Monday 10 October 2011

MIDNIGHT IN PARIS

(Woody Allen, 2011)

Opening with a loving near three minute montage of static shots of many of the most familiar and touristy parts of central Paris seems more foreword than prologue; a statement of theme. Paris is lovely, Paris is inspirational. That's it. Allen seems content with that, adding the admittedly minor theme of the power and fallacy of nostalgia later. But then this is a film of modest scale; modest laughs, modest pleasures, modest ambition. It's minor key period Allen, with less substance than any of his other excursions into the past, and a disconcerting dose of fluffiness to it, which might partly explain why it's been his greatest commercial success for decades.
The high concept: a Hollywood screenwriter with hopes of becoming a serious novelist vacationing in Paris with his fiancee and her parents finds himself transported back to that City in the 1920s each night at midnight, partying with the likes of Fitzgerald, Hemingway, Picasso and Dali, and having Gertrude Stein critique his book.
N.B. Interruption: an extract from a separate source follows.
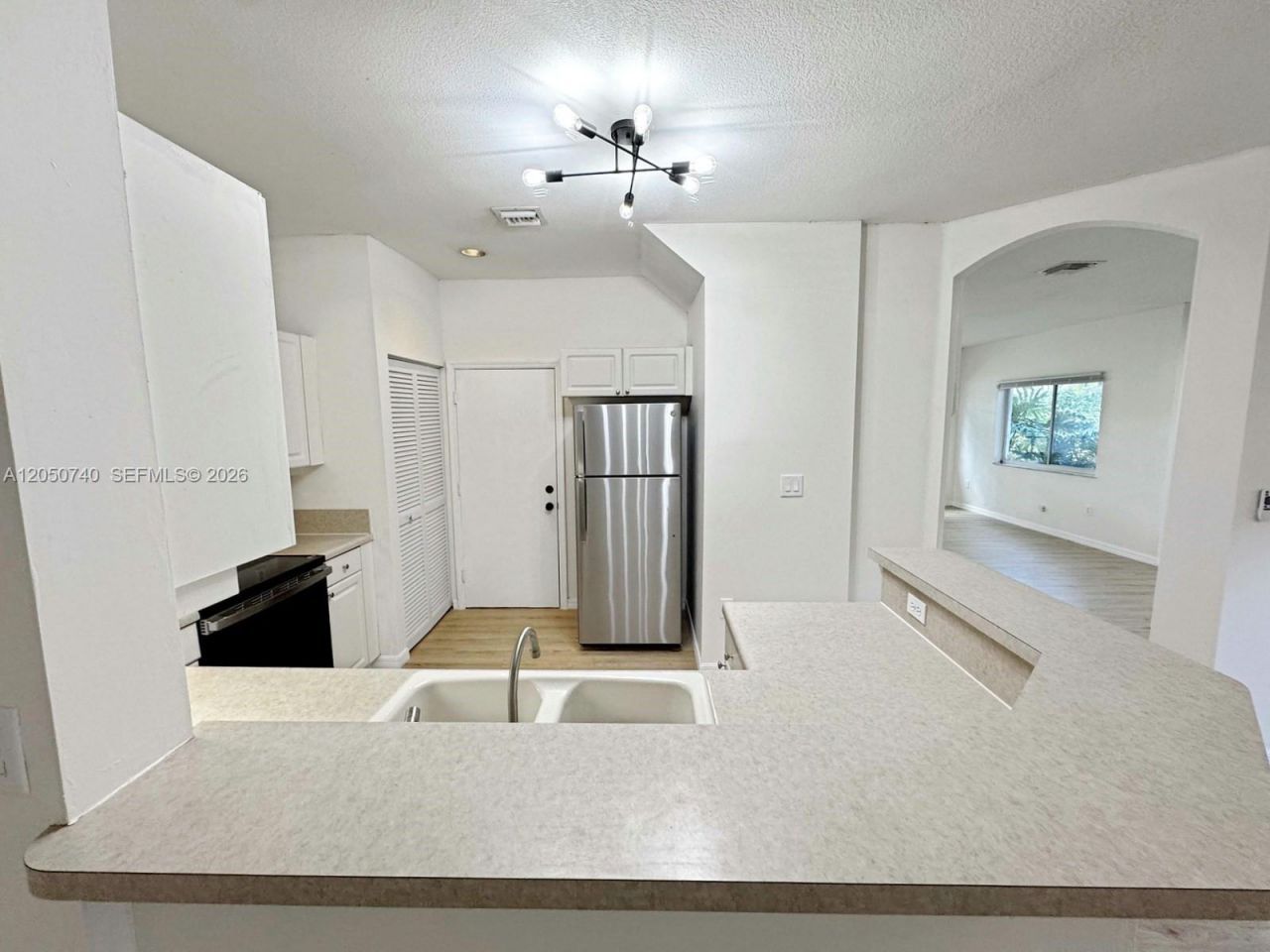10341 SW 18th St , Miramar, FL 33025 Photo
Based around such an insubstantial gag - Wilson's Gil professes shock to meet his many heroes in the flesh as they live up to their popular images - Allen has fun with his material, having Hemingway go on about hunting, War, boxing and bravery at any opportunity, while Dali (played by a single scene-stealing Adrian Brody) is obsessed with incorporating a "rhinoceros" into his work and hangs out with Bunuel and Man Ray. There is a light love story, with Marion Cotillard displaying yet again just how great she looks in a 1920s frock, but the scenes of the tensions between Gil and his fiancee (a spiky Rachel McAdams) together with realistically strained social events with her parents and friends are probably the best in the film. The social unease, foibles and pretensions of pseudo-intellectuals are Allen's true, natural subject matter, and he shows an ease whenever he approaches that territory absent from much of the rest of the somewhat contrived narrative here.
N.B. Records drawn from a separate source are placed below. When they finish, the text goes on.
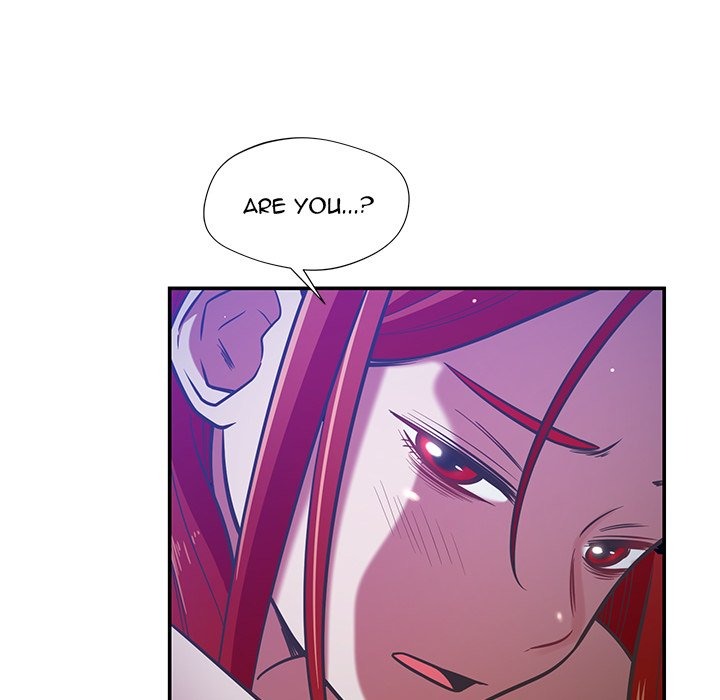 Yummy Neighbors chapter 38 page 94
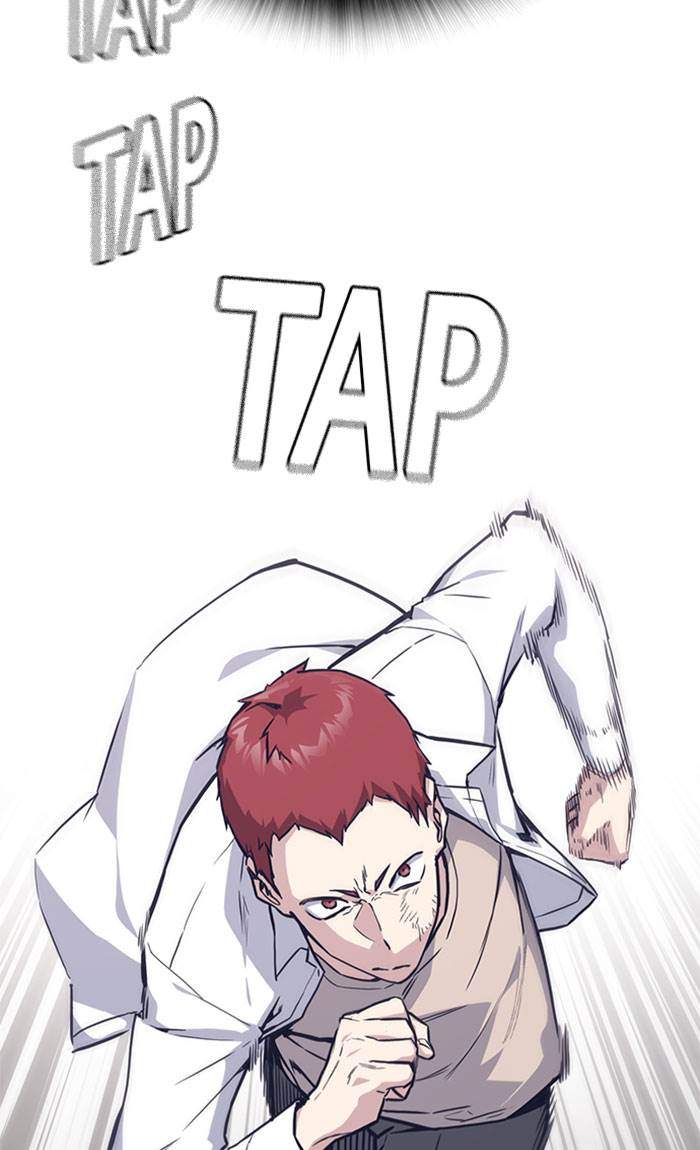 Chapter 40 - halaman 94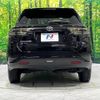 toyota harrier 2016 -TOYOTA--Harrier DBA-ZSU65W--ZSU65-0017975---TOYOTA--Harrier DBA-ZSU65W--ZSU65-0017975- image 16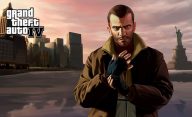 نسخه جدید GTA IV و Max Payne 3
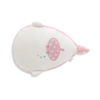 Jinbesan Sakura Cherry Blossom M Mochimochi Plush 34cm - Twinkle Glory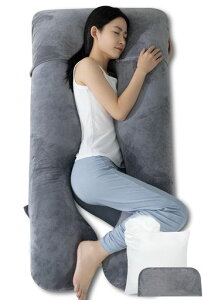 QueenRoseDwpEjpU^܂xAn􂦂Jo[E[ȕẗUT|[g}^jeB傫TCY_bNO[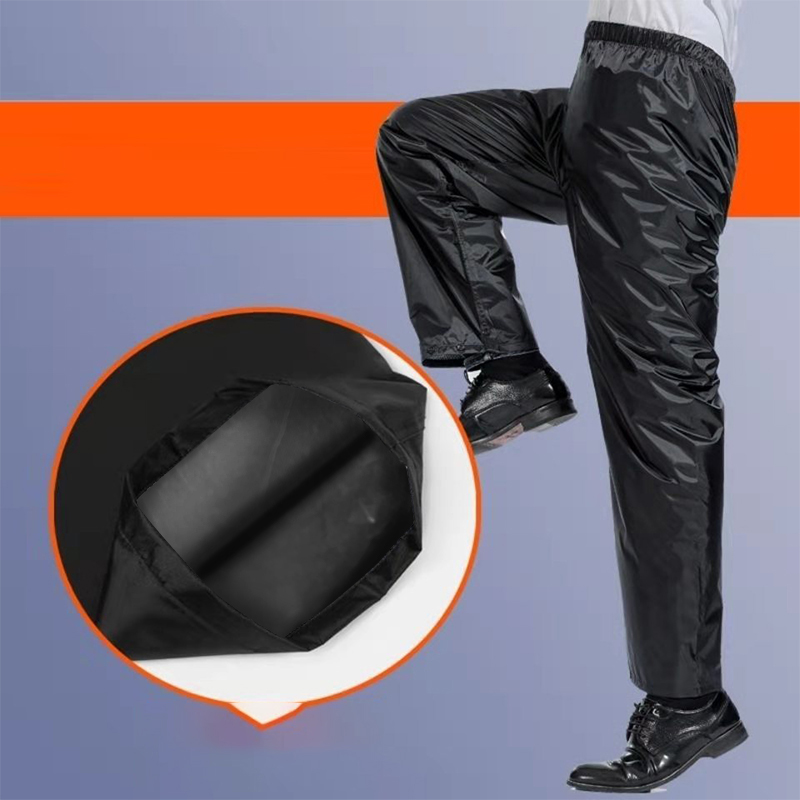 Motorcycle Motorbike Rainproof - đánh giá và giá Fishing Rain Suit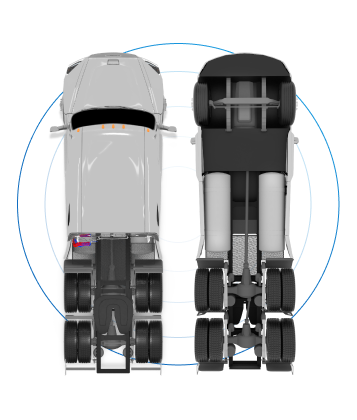 platform 63b186271e34a76625c0b154_oit_connectivity.png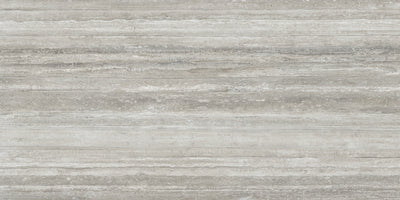 Tesoro La Marca 4" x 12" Porcelain Tile
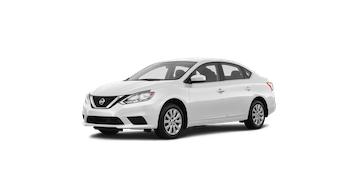 NISSAN SENTRA 2017 3N1AB7AP3HL666810 image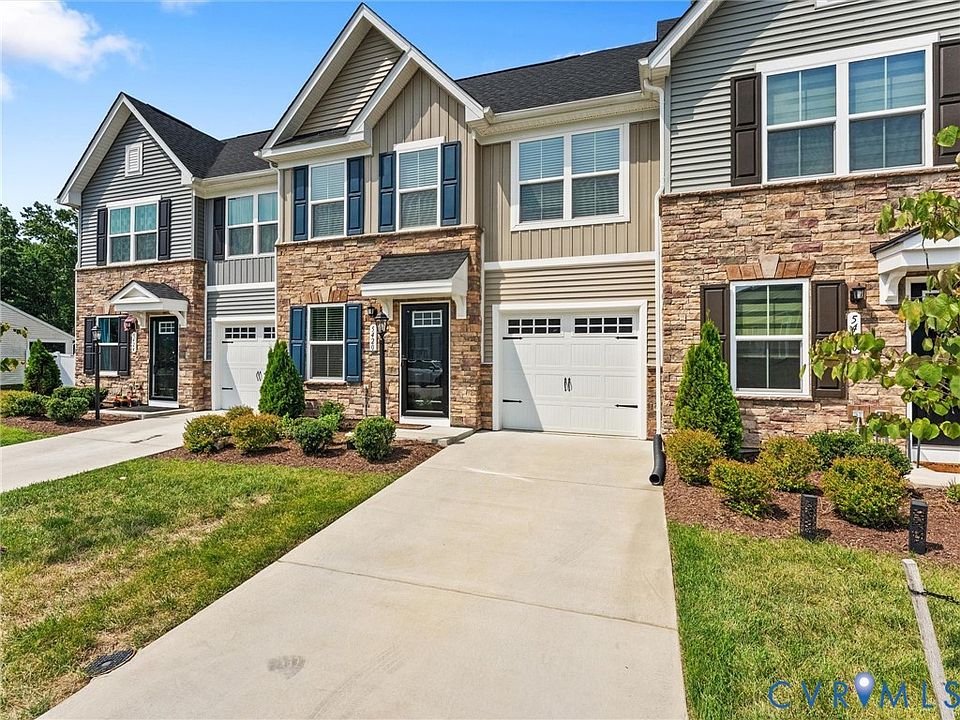 1st image of 5420 Addison Gate Dr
Still, it's mildly entertaining, Michael Sheen is terrific as a classic pretentious Allen romantic rival, Wilson is a surprisingly natural Allen hero, and the sensual pleasures are manifold; from some lovely Cole Porter on the soundtrack to Darius Khondji's cinematography, an attractive cast rounded out by Carla Bruni and Léa Seydoux, and of course the beauty of Paris itself. Which is where we - and Allen - came in...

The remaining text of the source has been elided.